Wie der Punk nach Hannover kam: Ein Ganz-Vorher und ein böses Ende
Bis heute ist Niedersachsens Hauptstadt als Punk-Metropole unterschätzt. Der Band „Wie der Punk nach Hannover kam“ nimmt die längst fällige Korrektur vor.
H annover im Mai 2023. Das ursprünglich besetzte Kulturzentrum Pavillon befindet sich am Rand der brutalistischen Szenerie um den Hauptbahnhof der von alliierten Bombern einst schwer getroffenen Stadt. Im Pavillon singt Der Moderne Man eines seiner alten Lieder. Nachdem man unter der Stadtautobahn hierhergelaufen ist, versteht man es noch besser: „Die Welt ist heute praktisch / Die Welt ist so bequem / Ich steh auf Fortschritt, Technik / Die Zukunft will ich sehn.“ Im Pavillon wird an diesem Abend das Erscheinen des Buchs „Wie der Punk nach Hannover kam“ gefeiert.
Davor hängt ein nicht mehr junger Mann mit Iro und Lederjacke herum. Er ist aber noch deutlich jünger als die erste Generation von Punk in Hannover, die sich ebenfalls auf den Weg in den Pavillon gemacht hat. Drinnen ist ihm die Luft zu schlecht, sagt er, und so ganz überzeugt ist er auch von der Musik nicht. Nun nähert sich dem Iroträger ein junger Mann, Marke Hipster mit Bart: Diese Selbstbeweihräucherung nerve, sagt der Bart zum Iro über das Geschehen im Pavillon. Der Bartbesitzer hat sich den Iroträger offenkundig bewusst als „authentischen“ Punkadressaten für seine Klage ausgesucht.
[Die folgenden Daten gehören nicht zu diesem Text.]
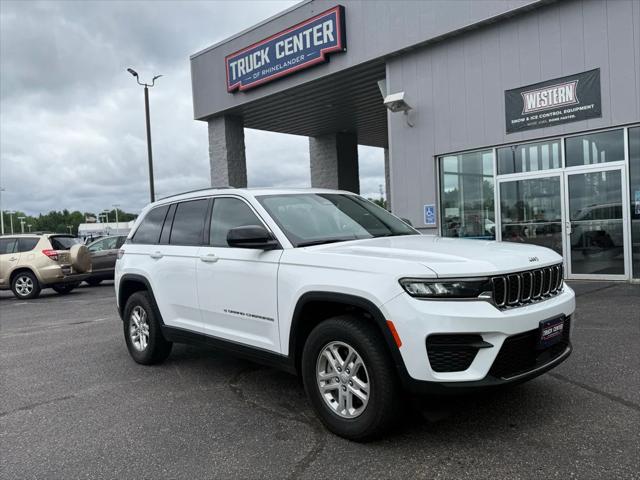 2023 Jeep Grand Cherokee Laredo 4x4
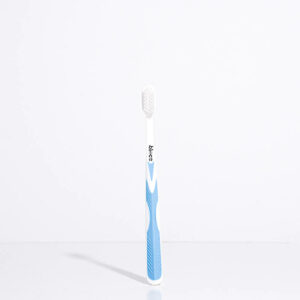 TOOTHBRUSH x1
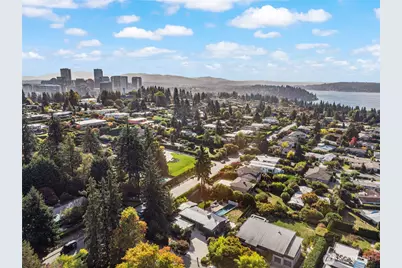 9135 NE 19th St, Clyde Hill, WA 98004 - Photo 39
Damit hat Hipster-Bart gleich mehrere Probleme der Rezeption von Pop in Deutschland performt. „Punker“, das sind für Otto Normalverbraucherin auch 45 Jahre nach der Ankunft von Punk in Mitteleuropa Menschen mit Iro, Lederjacke, Hund und der Frage: Haste mal ’n Euro. Kluge Leute wiederum, die es schon damals albern fanden, als Punkklischee rumzulaufen und sich heute mit ihrer Vergangenheit befassen, werden als kuriose Gestalten betrachtet, die sich auf ihre alten Tage selbst feiern. Lebten wir in England, wüsste jeder smarte Teenager, wer die Band Der Moderne Man war: Popgeschichte.
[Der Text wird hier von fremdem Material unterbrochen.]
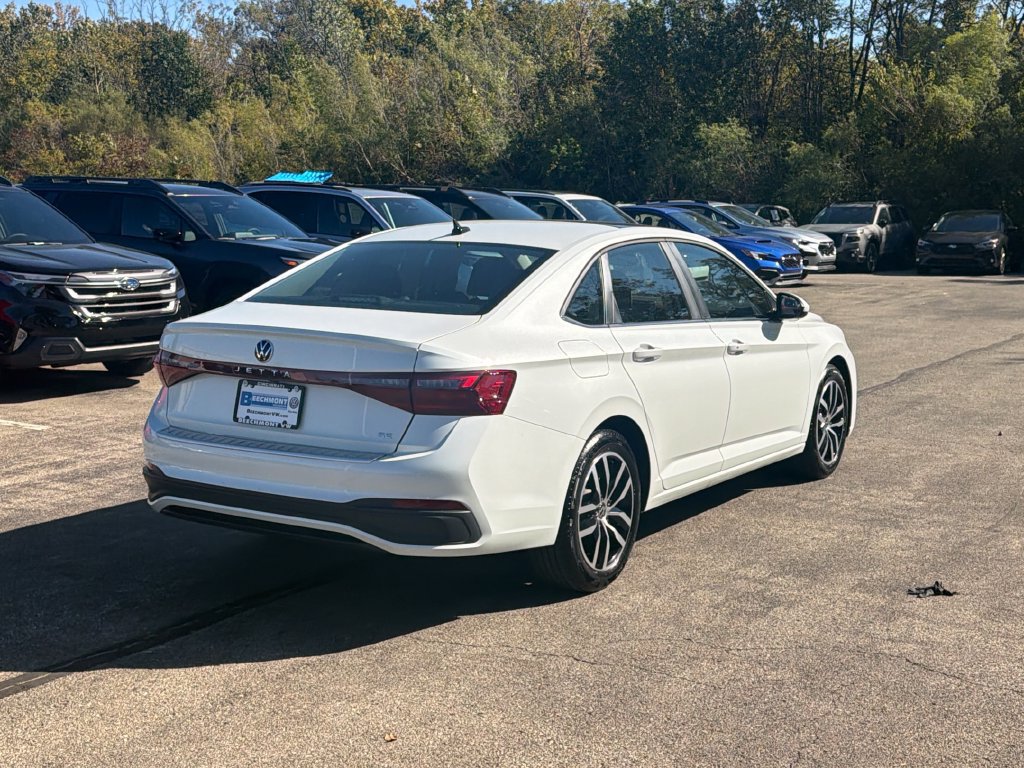 Certified 2025 Volkswagen Jetta SE FWD image 6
Hannover war eine Punk-Metropole
Der reich bebilderte Band „Wie der Punk nach Hannover kam“ wird nun hoffentlich zur Verbreitung der Erkenntnis beitragen, dass Hannover als Punk-Metropole bis heute sträflich unterbewertet wird. Herausgegeben wurde das bei Hirnkost erschienene Buch von Klaus Abelmann, Detlef Max und Hollow Skai.
„Wie der Punk nach Hannover kam“, hrsg. von Klaus Abelmann, Detlef Max, Hollow Skai. Hirnkost, Berlin 2023. 256 Seiten, 30 Euro.
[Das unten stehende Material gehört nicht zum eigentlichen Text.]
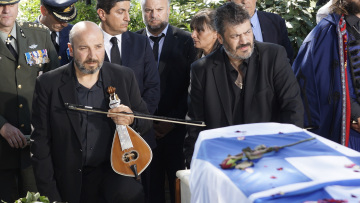 Σε Ψηλό Βουνό, σε ριζιμιό χαράκι, κάθεται εν'αητός: Ο χαιρετισμός της Κρήτης στον Κωνσταντίνο Μητσοτάκη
Skai war seit Ende der 1970er der federführende Chronist der Punkszene der Stadt. Sein Fanzine hieß No Fun, und das wurde bald auch Name eines unabhängigen Plattenlabels, auf dem heute als kanonisch geltende Punkplatten von Hans-A-Plast, Der Moderne Man, 39 Clocks, Mythen in Tüten und Bärchen und die Milchbubis erschienen. Skai und seine Freunde organisierten auch ein unabhängiges Vertriebsnetz für die neue Musik.
Herausgeber zwei, Detlef Max, machte ebenfalls ein Fanzine, es hieß Schlappschiss. Klaus Abelmann schließlich war Herausgeber von Gegendarstellung, des selbsternannten Organs der Gossenpunks von Hannover.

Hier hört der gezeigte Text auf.